When they pulled in the driveway, her heart sank. This was it. It was really over. Her life, her
freedom, her escape was at an end. And it had all ended right back at the beginning. She should have known that this was the only way it could end. Maybe part of her did because she didn’t feel all that surprised. In fact, she didn’t feel much of anything except defeat. Defeat and a deep aching sense of loss.
Her uncle ordered her to her room the moment they stepped inside and she silently obeyed, resigned to whatever would come next. She’d opened herself to unknown horrors the minute she’d left with
him
, but she refused to worry about them now.
Jay, however . . . him she couldn’t stop worrying about.
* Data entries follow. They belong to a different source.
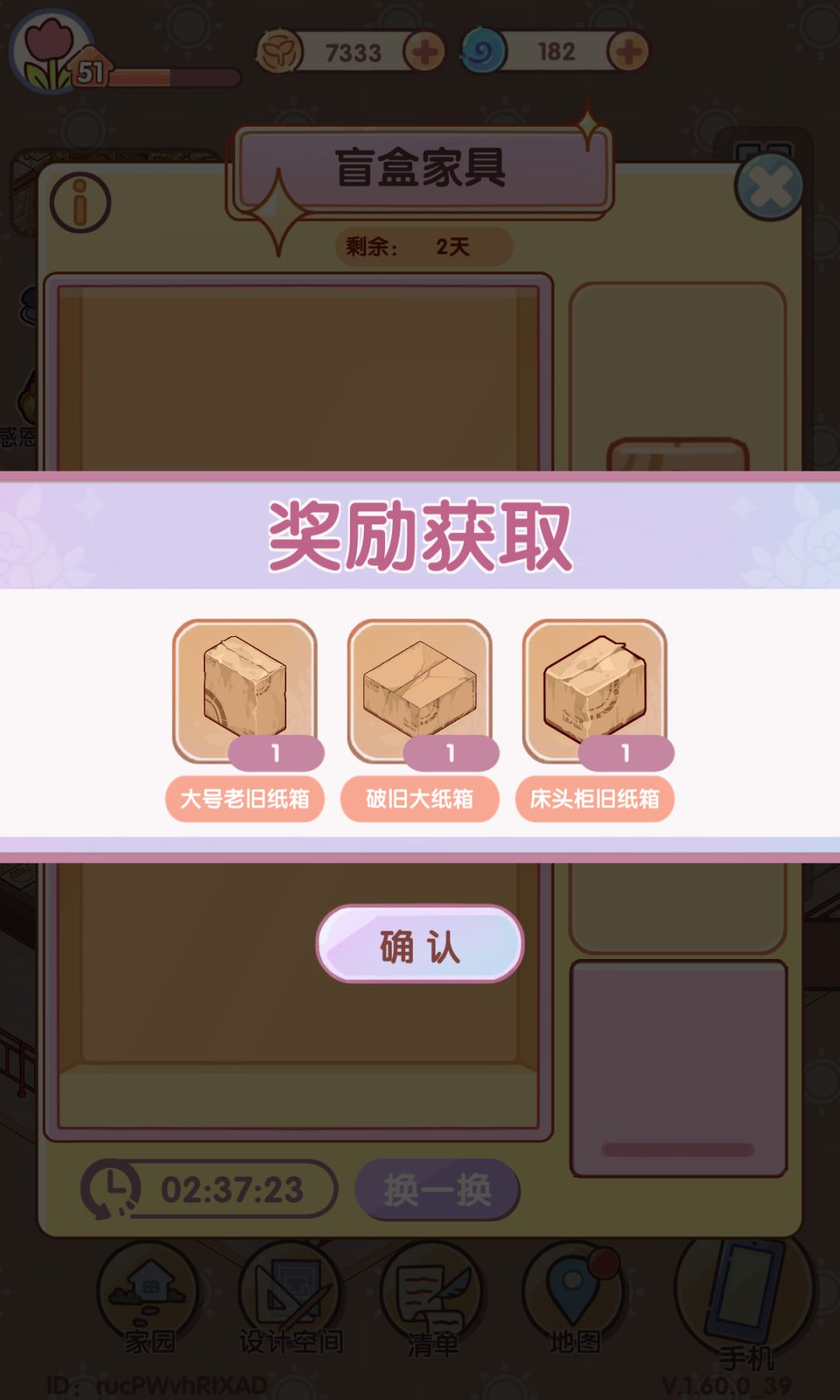 不亏 9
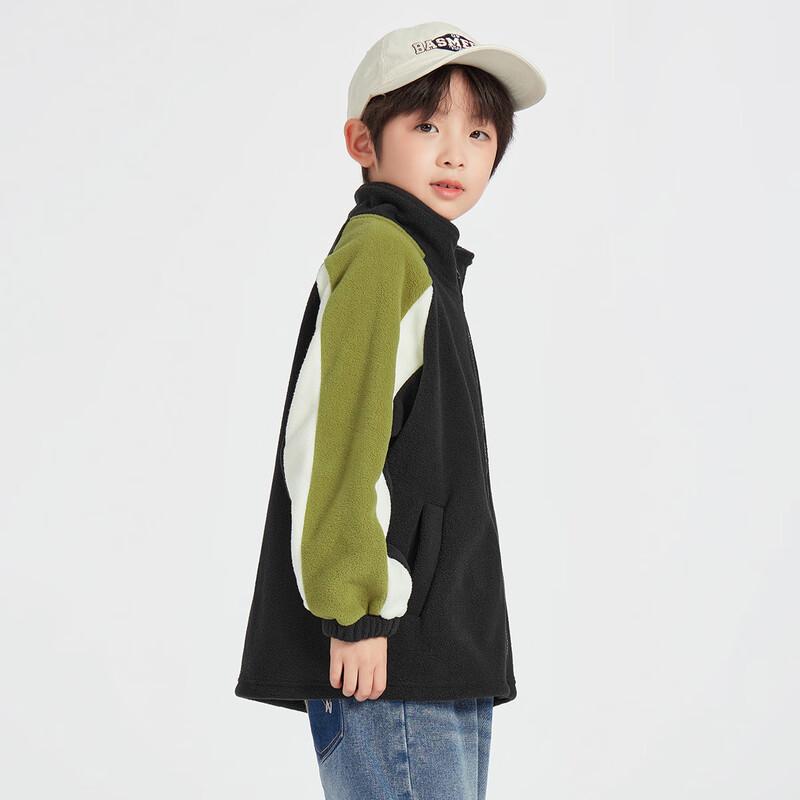 Boys' Geometric Color Block Fleece Jacket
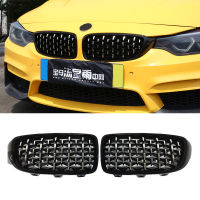 คู่รถกันชนหน้ากระจังหน้าสำหรับ BMW F33 F36 F80 F82 F32 M4เพชรสไตล์ Racing Grills อุปกรณ์จัดแต่งทรงผม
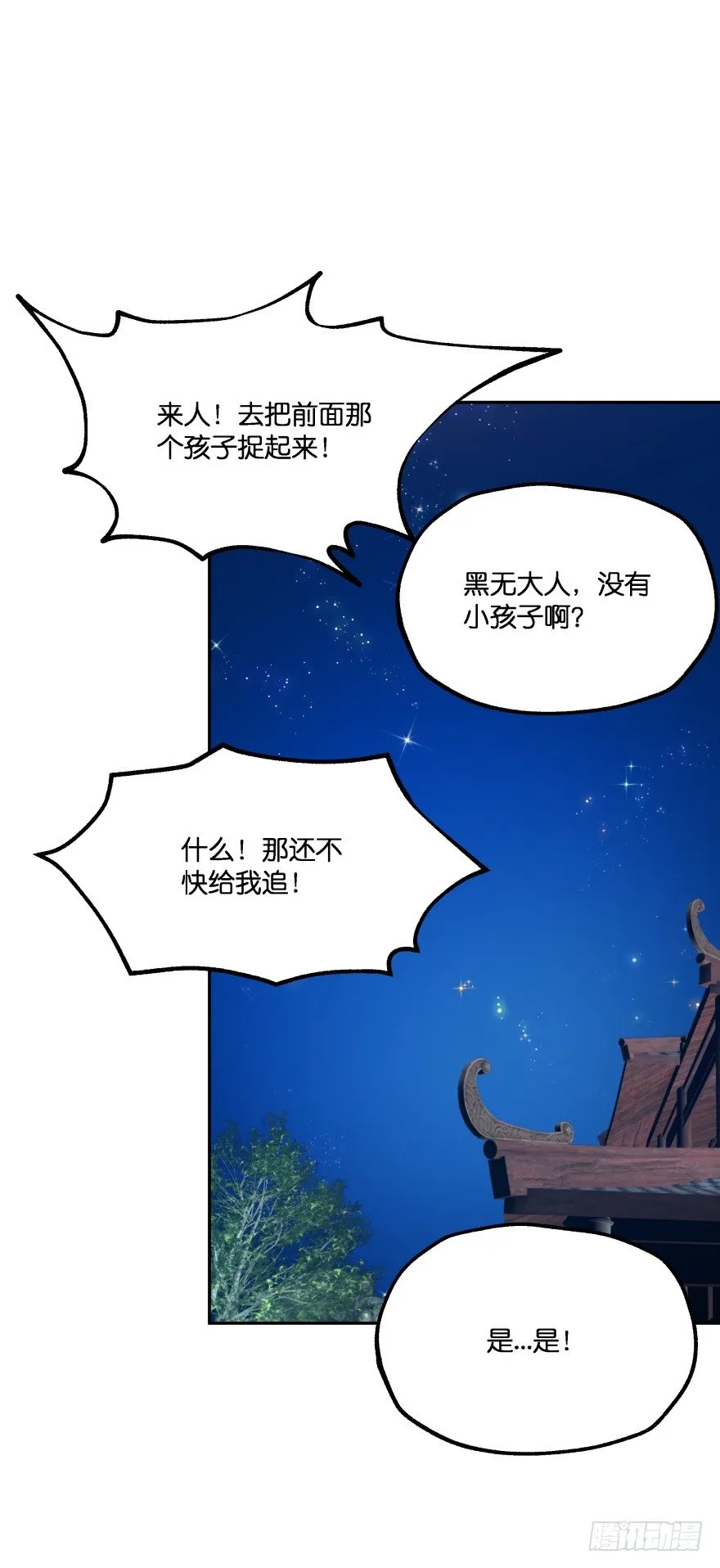 你逃不出我魔掌的！ 第25页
How badly was he hurt? Did he need help? Would he be able to find it? Above all, though, she worried about how badly
she’d
hurt him. Did he hate her? Would he ever be able to forgive her? Did it even matter? Would she ever see him again? That thought twisted her heart so sharply that she collapsed on her bed in physical pain and cried. She cried until her eyes were red and puffy. She cried until she could hardly breathe. She cried until her soul felt empty. And then she slept.
***
When she woke early the next morning, for a few almost content moments she felt completely hollow, forgetting everything that had happened since the last time she had woken in that bed. An empty feeling she had grown accustomed to over the years and could handle, but then the memories washed over her and those hollow spaces started to fill with grief and sadness. The pain of finally having had something good in her life and then having it ripped away.
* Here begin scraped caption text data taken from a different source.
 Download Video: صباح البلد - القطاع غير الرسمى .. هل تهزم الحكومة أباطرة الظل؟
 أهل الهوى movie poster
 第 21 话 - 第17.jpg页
A brisk knock came at her door.
“Breakfast in ten.”
With trembling fingers, Emerson gathered clean clothes from her dresser and slipped across the hallway to the bathroom. This time, the shower didn’t seem like such a treasure. She’d have given it up in a heartbeat to be waking up in some rundown crack house with Jay this morning instead.
Ten minutes later, she was sitting quietly at the kitchen table while her uncle scooped eggs onto two plates by the stove. They still hadn’t spoken. Barely a word since they’d left the city, and if it were up to Emerson, it would stay that way.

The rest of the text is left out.